Reati in materia di responsabilità medica e delle strutture sanitarie
Il decesso o, comunque, l’esito infausto di un intervento in ambito medico-sanitario impone di accertare o escludere le possibili responsabilità del medico-sanitario e della struttura ospedaliera. Le indagini difensive e la consulenza tecnica possono essere utili per cogliere da subito eventuali profili di colpa medica e tutelare l’interesse del paziente e dei famigliari ovvero del medico attinto dall’indagine penale.
Nell’ambito della responsabilità professionale degli esercenti le professioni sanitarie un ruolo importante è ricoperto dalla responsabilità penale per le condotte colpose realizzate da medici e sanitari in danno dei pazienti.
Al concetto di colpa medica sono associati, in particolare, i reati di lesioni personali colpose (art. 590 c.p.) e di omicidio colposo (art. 589 c.p.) commessi nell’espletamento dell’attività medico-chirurgica ovvero, più in generale, sanitaria. Per questi reati è prevista, in astratto, anche l’applicazione di pene carcerarie, oltre alla sospensione ed interdizione dall’esercizio della professione medica.
A seguito della c.d. Legge Gelli-Bianco (Legge 8 marzo 2017, n. 24, in Gazzetta Ufficiale 17 marzo 2017, n. 64) l’art. 590 sexies c.p. esclude la responsabilità del medico quando la morte o le lesioni personali al paziente siano state cagionate a causa di imperizia, ma risultino rispettate le raccomandazioni previste dalle “linee guida” come definite e pubblicate ai sensi di legge ovvero, in mancanza di queste, le buone pratiche clinico-assistenziali, sempre che le raccomandazioni previste dalle predette “linee guida” risultino adeguate alle specificità del caso concreto.
La previgente legge c.d.
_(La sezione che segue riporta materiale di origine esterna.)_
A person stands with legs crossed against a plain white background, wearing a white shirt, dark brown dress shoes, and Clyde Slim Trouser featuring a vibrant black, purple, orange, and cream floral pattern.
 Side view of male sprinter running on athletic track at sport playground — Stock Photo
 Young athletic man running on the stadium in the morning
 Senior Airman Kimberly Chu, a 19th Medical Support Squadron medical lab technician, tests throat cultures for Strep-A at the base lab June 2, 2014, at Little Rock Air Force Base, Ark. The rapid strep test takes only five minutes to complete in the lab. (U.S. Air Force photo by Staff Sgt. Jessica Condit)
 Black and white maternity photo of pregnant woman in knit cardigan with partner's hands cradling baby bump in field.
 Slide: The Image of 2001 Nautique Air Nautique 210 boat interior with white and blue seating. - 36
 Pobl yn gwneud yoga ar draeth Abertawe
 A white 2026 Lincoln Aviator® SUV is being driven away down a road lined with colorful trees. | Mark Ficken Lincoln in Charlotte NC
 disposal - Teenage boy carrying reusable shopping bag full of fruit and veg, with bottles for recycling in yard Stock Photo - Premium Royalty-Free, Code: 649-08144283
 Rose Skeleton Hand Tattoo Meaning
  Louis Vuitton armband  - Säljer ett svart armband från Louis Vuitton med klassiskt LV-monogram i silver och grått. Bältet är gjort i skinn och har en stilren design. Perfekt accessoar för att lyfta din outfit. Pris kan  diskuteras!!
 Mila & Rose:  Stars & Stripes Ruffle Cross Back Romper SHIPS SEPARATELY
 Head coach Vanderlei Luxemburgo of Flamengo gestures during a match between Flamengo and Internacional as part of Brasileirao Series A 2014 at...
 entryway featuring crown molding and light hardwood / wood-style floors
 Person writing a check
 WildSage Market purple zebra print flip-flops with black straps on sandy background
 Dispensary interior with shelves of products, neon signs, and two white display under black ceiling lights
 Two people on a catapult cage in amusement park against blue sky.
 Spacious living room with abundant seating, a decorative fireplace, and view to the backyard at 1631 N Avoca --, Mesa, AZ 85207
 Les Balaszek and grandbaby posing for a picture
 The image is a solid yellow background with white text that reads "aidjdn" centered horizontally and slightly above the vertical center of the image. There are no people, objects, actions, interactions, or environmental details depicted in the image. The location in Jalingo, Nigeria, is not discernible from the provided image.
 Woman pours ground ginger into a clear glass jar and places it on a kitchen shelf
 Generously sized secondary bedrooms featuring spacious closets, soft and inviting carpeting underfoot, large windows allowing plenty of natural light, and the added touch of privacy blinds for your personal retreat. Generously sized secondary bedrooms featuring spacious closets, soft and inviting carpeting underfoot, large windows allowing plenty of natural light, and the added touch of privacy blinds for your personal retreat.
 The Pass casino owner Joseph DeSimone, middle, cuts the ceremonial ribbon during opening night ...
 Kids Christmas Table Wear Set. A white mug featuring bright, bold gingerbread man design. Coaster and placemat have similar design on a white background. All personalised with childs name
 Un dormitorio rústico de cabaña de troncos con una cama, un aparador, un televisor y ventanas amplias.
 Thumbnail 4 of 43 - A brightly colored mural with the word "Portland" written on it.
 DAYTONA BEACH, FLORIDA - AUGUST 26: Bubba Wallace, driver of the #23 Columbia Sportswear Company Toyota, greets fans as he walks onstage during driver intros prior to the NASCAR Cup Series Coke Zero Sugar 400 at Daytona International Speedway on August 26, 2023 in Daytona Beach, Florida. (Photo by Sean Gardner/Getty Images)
Balduzzi (L. 189/2012) prevedeva, invece, all’art. 3 (ora abrogato) che: “l’esercente la professione sanitaria che nello svolgimento della propria attività si attiene a linee guida e buone pratiche accreditate dalla comunità scientifica non risponde penalmente per colpa lieve. In tali casi resta comunque fermo l’obbligo di cui all’articolo 2043 del codice civile. Il giudice, anche nella determinazione del risarcimento del danno, tiene debitamente conto della condotta di cui al primo periodo”.
Oggi, con il testo Gelli-Bianco (Legge n. 24/17) è stata eliminata la differenziazione del grado di colpa (colpa lieve e colpa grave) ed è stata prevista un’area di non punibilità per il medico che abbia realizzato la condotta imperita nel rispetto, comunque, delle “linee guida”.
Tuttavia, i problemi relativi alla circoscrivibilità della responsabilità medica non appaiono ancora totalmente superati: rimangono da sciogliere molti nodi interpretativi, e soprattutto applicativi, della normativa.
La pratica medica impone agli esercenti le professioni sanitarie (anestesisti, pediatri, chirurghi, psichiatri) di qualsiasi livello (primari, specializzandi, medici generici) di risolvere ogni giorno dubbi diagnostici e terapeutici, che sono spesso legati ad incertezze scientifiche od a complicanze imprevedibili. L’eventuale effetto lesivo che si verifica a seguito della condotta del medico si ripercuote, di riflesso, nella forte necessità del paziente e dei suoi familiari di ricorrere all’Autorità Giudiziaria al fine ottenere tutela ed il risarcimento del danno.
In queste ipotesi è necessario stabilire se il medico abbia agito con prudenza, perizia e diligenza: dovranno essere analizzate le linee guida e le buone pratiche accreditate dalla comunità scientifica avvalendosi anche dell’aiuto di esperti consulenti tecnici.